Cuda-memcheck seems to ignore memory leaks

According to the documentation,

Memory leaks are device-side allocations that have not been freed by the time the context is destroyed. The memcheck tool tracks device memory allocations created using the CUDA driver or runtime APIs. Starting in CUDA 5, allocations that are created dynamically on the device heap by calling malloc() inside a kernel are also tracked.

I am using CUDA 10.1, but cuda-memcheck seems to ignore both of these cases. Here is my code and memcheck output:

$ nvcc --version
nvcc: NVIDIA (R) Cuda compiler driver
Copyright (c) 2005-2019 NVIDIA Corporation
Built on Fri_Feb__8_19:08:17_PST_2019
Cuda compilation tools, release 10.1, V10.1.105
$ cuda-memcheck --version
CUDA-MEMCHECK version 10.1.105 ID:(46)
$ cat tmp.cu
#include <cassert>

__global__ void kernel()
{
    auto a = malloc(sizeof(int) * 1000);
}

int main()
{
    void *p;
    auto err = cudaMalloc(&p, sizeof(int) * 1000);
    assert(err == cudaSuccess);

    kernel<<<1, 1>>>();
    cudaDeviceSynchronize();
}
$ nvcc tmp.cu -O0 -o a.out
$ ./a.out
$ echo $?
0
$ cuda-memcheck --leak-check full ./a.out
========= CUDA-MEMCHECK
========= LEAK SUMMARY: 0 bytes leaked in 0 allocations
========= ERROR SUMMARY: 0 errors
$

I was expecting it to report two leaks: one inside the main function and one inside the kernel. Am I missing something?

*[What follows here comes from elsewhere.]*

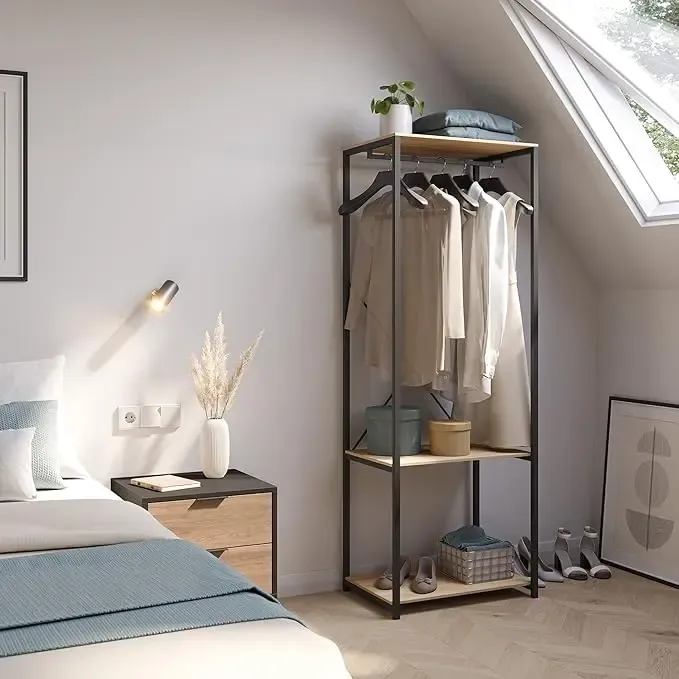 Металлическая вешалка для одежды / Стойка - рейка для одежды с полкой для обуви Коломия - фото 2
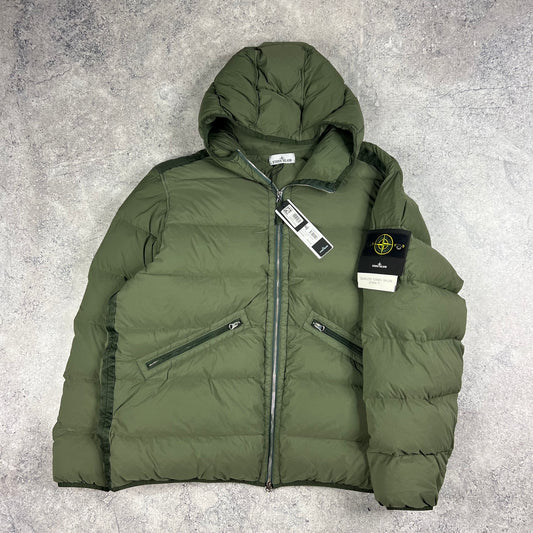 Stone Island Khaki Seamless Tunnel Down Jacket BNWT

Memory leaks are reported at context destruction time. See the documentation: https://docs.nvidia.com/cuda/cuda-memcheck/#leak-checking

For an accurate leak checking summary to be generated, the application’s CUDA context must be destroyed at the end. This can be done explicitly by calling cuCtxDestroy() in applications using the CUDA driver API, or by calling cudaDeviceReset() in applications programmed against the CUDA run time API.